In response to the Numerical Study, it posted on its website saying, “This study was conducted entirely by computer modeling and was published in a “pay to publish” journal. No actual testing was used. Two of the three authors are employees of Mercury Marine. The third author appears to have been paid by the Marine Manufacturers Association.”
Instead, the Last Wilderness Alliance and Meessmann pointed the 2022 St. Anthony Falls Study, among others, that compared the height, energy, and power of four boats, two wake surf boats, and two non-surf boats used for wakeboarding.
“Based on the data and our example method for determining recommended operational distance, we show that when operating under typical wakesurfing conditions, wakesurf boats required distances greater than 500 ft to attenuate wake wave characteristics (height, energy, and power) to levels equivalent to non-wakesurf boats operating under typical planing conditions,” the study stated.
People in theboating industry say that while the study shows that wake boat waves can hit the shore from farther distances, it doesn’t prove that waves from wake boats inherently degrade shorelines.
While the impact of the wake surf boats is debated, state lawmakers have introduced legislation that would regulate it.
Sen.

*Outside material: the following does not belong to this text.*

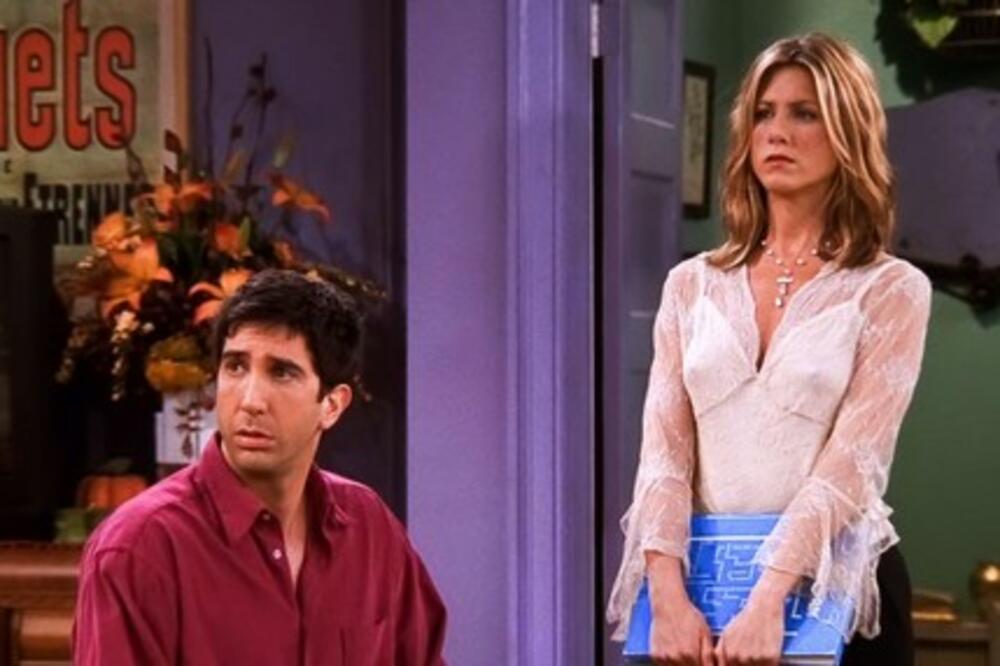 PRODATI SCENARIJI DVE EPIZODE "PRIJATELJA": Reč je o velikoj SUMI NOVCA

Mary Felzkowski (R-Irma) and Rep. Rob Swearingen (R-Rhinelander) have brought forth a bill that would amend state law to define wake surfing and wakeboarding. It would put them under the “aquaplaning” category and therefore under those regulations.

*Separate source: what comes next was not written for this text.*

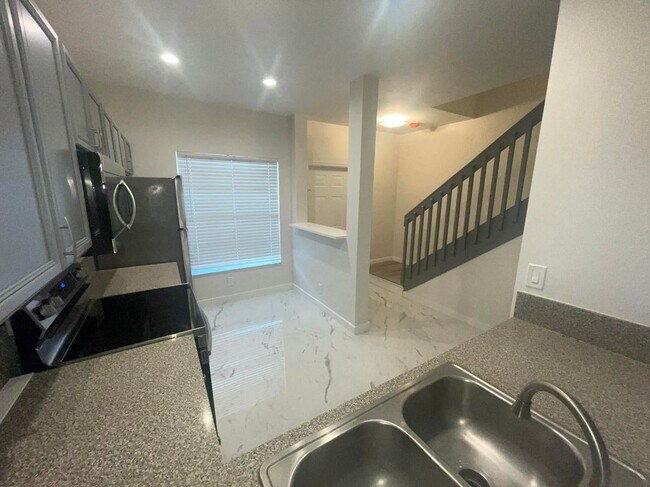 Foto del edificio - 5129 Palmbrooke Cir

It would prohibit wake surfing or wakeboarding on a body of water 50 acres or less or that is less than 400 feet wide. On lakes that are big enough, people couldn’t wakeboard and surf within 200 feet of a shoreline, dock, or other structure in the water.
“I was really glad to see that both the Senator and the Representative recognize the need for wake sports regulation in the state of Wisconsin. However, the bill they proposed will not protect our valuable lakes from the irreversible damage caused by these boats,” said Meessmann. “To that end, I strongly oppose the recently proposed co-sponsor bill relating to the regulation of wake surfing and wakeboarding.”
He says research and public opinion support more restrictions on wake sports. Meessmann referred to the Wisconsin Conservation Congress’ 2023 Citizen Resolutions questionnaire. He submitted a question regarding wakeboarding:
“Would you support the WCC and legislature modifying existing statutes to prohibit generation of intentionally magnified wakes for wake surfing through the use of ballast, design features, operational procedures or any other means on lakes smaller than 1500 acres and less than 20 feet deep and maintain a distance from shore and other lake users of 700 feet?”
Meessmann doesn’t want to ban wake sports. He wants to see legislation that restricts the lake surf boats to larger lakes and keeps them further from shore than the 200 feet in the bill.
“I think there is a solution. I really believe there's a workable solution to this problem but certainly not with the proposed bill that our representatives have submitted,” said Meessmann.
Meessmann is also concerned about another part of the bill. It would take away local control by not allowing lake districts or municipalities to create more restrictive ordinances.
“I can't emphasize enough that we need to have local control available to us to work through this issue,” said Meessmann.
Jacobs doesn’t believe there is a need for any restrictive regulation specifically aimed at wakeboarding or wake surfing in general.
He supports the bill saying it will protect the sport.
“In Wisconsin, we fortunately have a state where lakes are open to, for the majority, public use and for public recreating. Sometimes local lake districts if they have people that want to restrict activities of recreating in Wisconsin, could come up with restrictions that really have no basis in fact, and preclude people from enjoying these activities that they otherwise would,” said Jacobs. “I think as far as the bill is concerned, what it does is it helps to create these statewide standards that already exist for other activities such as skiing and everything else and puts the standard statewide.”